Problem statement: Each line from the top of the listing through the one holding "Victoria Secret Shirt" should be restated word for word, with nothing added and no pictures.

Input data:
▬▬▬▬▬▬▬▬▬▬

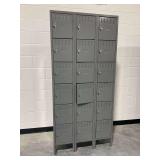 3-Unit Steel Storage Locker Set...see description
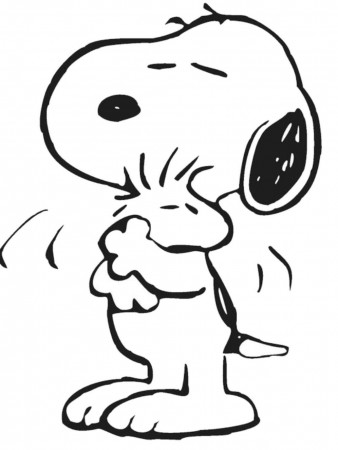 11 Pics of Snoopy Coloring Pages Love - Snoopy Valentine's Day ...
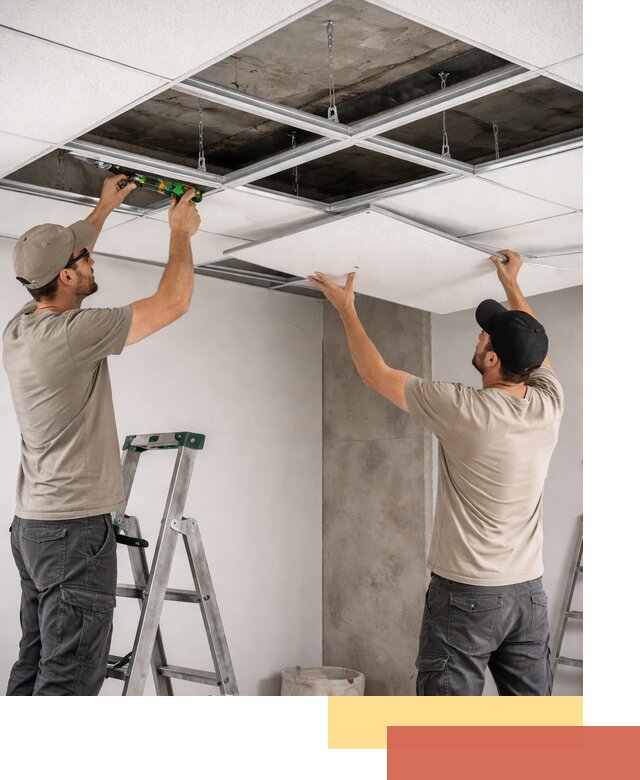 Монтаж потолка Армстронг под ключ в Удомле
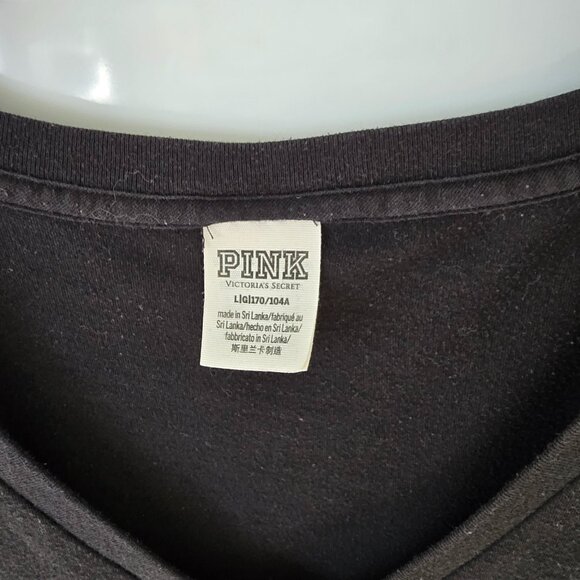 Victoria Secret Shirt Dresses Black M & Neon Green in L T-Shirts L/S Shirt RARE - Picture 2 of 12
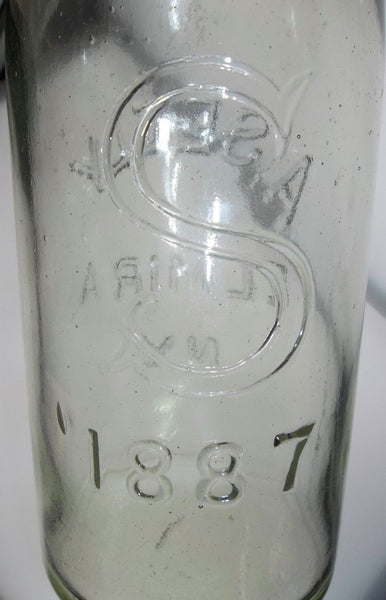 1887 A. Seely Soda Bottle from Elmira, NY with Original Wire Closure!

▬▬▬▬▬▬▬▬▬▬

Solution for this task:
 3-Unit Steel Storage Locker Set...see description
 11 Pics of Snoopy Coloring Pages Love - Snoopy Valentine's Day ...
 Монтаж потолка Армстронг под ключ в Удомле
 Victoria Secret Shirt Dresses Black M & Neon Green in L T-Shirts L/S Shirt RARE - Picture 2 of 12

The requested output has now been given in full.